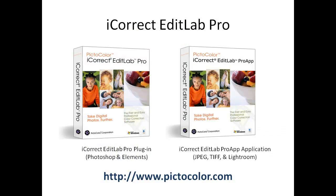For more information on how iCorrect EditLab Pro plugin or iCorrect EditLab Pro app can streamline your Photoshop or Lightroom color workflow, go to PictoColor's website at www.PictoColor.com.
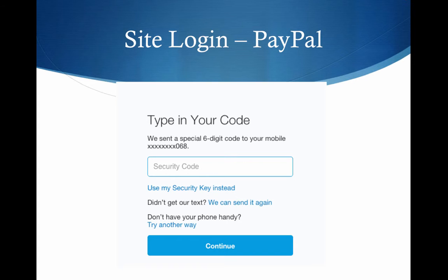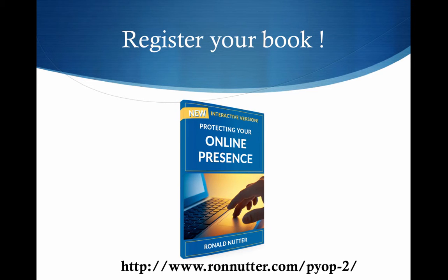Once you've entered in the code they've requested, click continue. And if the code authenticates, you're in.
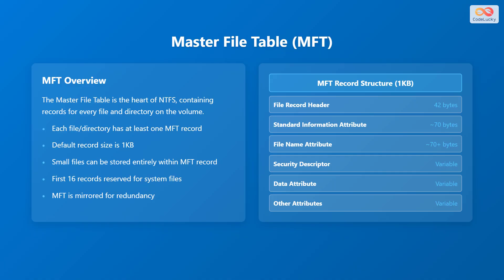An MFT record is 1 kilobyte in size and is structured as follows: the file record header (42 bytes), the standard information attribute (around 70 bytes), the file name attribute (70+ bytes), the security descriptor (variable size), the data attribute (variable size), and other attributes (variable size).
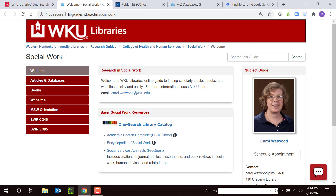To contact me, email me at carol.watwood@wku.edu. I try to respond within 24 hours. I can meet with you by telephone or Zoom as well as by email. Thank you for watching. Please be in touch and stay healthy.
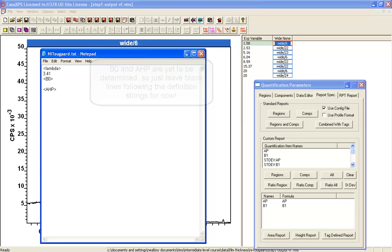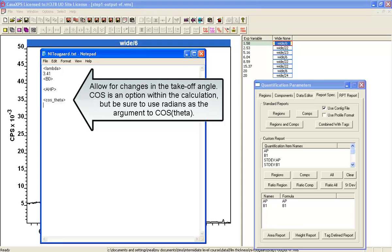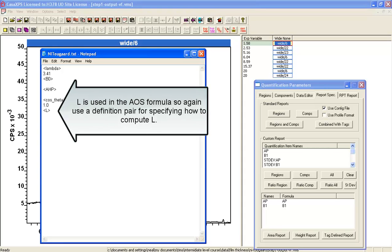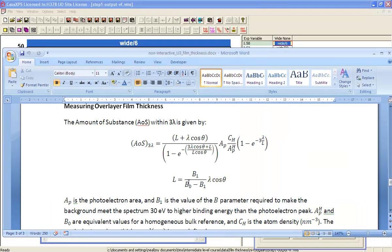And then we also need to say cosine theta. As I said before, since it's going to be one, cosine of zero is one, we'll enter that. And then we'll do the first definition of L. So L is equal to, now let's have a look at the equation, it's B1 times lambda cosine theta and that's divided by B0 minus B1.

:::

WORK REQUIRED:
Copy exactly, and only, the lines from the first entry through the line holding "Once you've entered", both ends included, leaving out every picture.

SOLUTION:
For more information on how iCorrect EditLab Pro plugin or iCorrect EditLab Pro app can streamline your Photoshop or Lightroom color workflow, go to PictoColor's website at www.PictoColor.com.
Once you've entered in the code they've requested, click continue. And if the code authenticates, you're in.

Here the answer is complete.